With Douglas gone, the jet issue became less important, but the City was now left with a huge, expensive, and largely unused block of land. After conducting an economic analysis in 1980, the City determined that the airport was not economically viable and decided to close it. Once again the City is challenged and the case is litigated in both state and federal courts where the City eventually prevails. In June 1981, the Council adopts resolution #6296 declaring its intention to close the Airport as soon as possible. The FAA and the Santa Monica Airport Association (Airport Association) file another suit challenging. In 1982 the parties reach an agreement to conditionally dismiss.
In 1984 the highly charged dispute with the FAA is resolved through the Santa Monica Airport Agreement, which obligates the City to operate the Airport through 2015 but recognizes the City’s authority to mitigate aircraft impacts through the existing noise limit, curfew, helicopter training ban, and pattern flying restrictions.
In the mid 1990’s, With the booming economy, new development on the Westside, and the advent of fractional ownership of aircraft, jet operations increase from about 5 to 6 per day to around 15 per day. Larger, faster jets in Categories C and D constitute an increasing percentage of jet operations. Opposition to the airport begins to rise as a result.

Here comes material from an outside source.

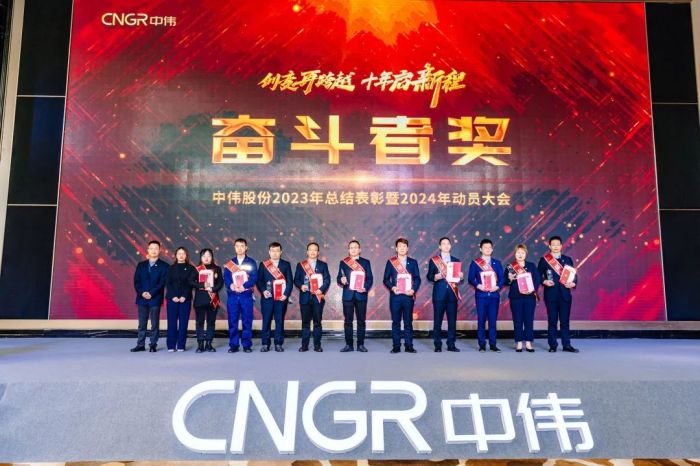 �������ʹ���-׷�󿵽�,����һ������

In 1998, The Airport Association files a Federal Administrative (Part 16) complaint with the FAA alleging multiple breaches of the 1984 Agreement. The FAA eventually issues a determination in favor of the City, and the complainant Association seeks review by the 9th Circuit Court of Appeals; ultimately, the case is dismissed in 2006 when new leases are entered into with two limited FBOs. Again in 1999 the Airport Association files a State court action raising issues similar to the prior Part 16 complaint. Several years later, the Los Angeles County Superior Court rules in favor of the City on 28 of 29 issues; and eventually, the California Court of Appeals dismisses the entire action on grounds that the Association lacked standing to enforce the 1984 Airport Agreement between the City and the Federal Government. The dismissal was subsequently affirmed by the California Supreme Court.
Also in 1999, Los Angeles neighbors file a lawsuit against the City in State court (Cole v. City) seeking damages and injunctive relief claiming that aircraft operations at the Airport created liability for the City based on inverse condemnation, adverse health impacts, and nuisance. Eventually, following a lengthy trial, the Court dismisses all the inverse condemnation claims and most of the other claims. Three plaintiffs receive minimal damage awards, but the airport is officially declared to be a public nuisance.
In 2000 to 2002, the economy booms, the FAA approves fractional (shared) ownership of jets, and the Airport fleet continues to evolve with total jet operations increasing to about 30 to 40 per day. The City initiates a review and study of the Airport’s runways and other operational design features to determine their compatibility with the changing fleet. The study concludes, among other things, that the more demanding Category C&D aircraft now account for 5% of jet operations, that the critical design aircraft using the Airport is now the D-II aircraft (the Gulfstream IV), and that the Airport (which has no runway safety areas), lacks sufficient runway safety areas per current FAA design guidelines for all aircraft approach categories. Additionally, the review concludes that the Airport’s geographical layout and the close proximity of runway ends to roadways and residential neighborhoods effectively preclude the construction of the traditional graded runway safety areas. Therefore, the report suggests designating runway safety areas by displacing the landing thresholds 300′ at both ends of the runway to create safety areas consistent with the Airport’s B-II designation by effectively shortening the usable runway; however this would leave the usable runway too short for C&D aircraft.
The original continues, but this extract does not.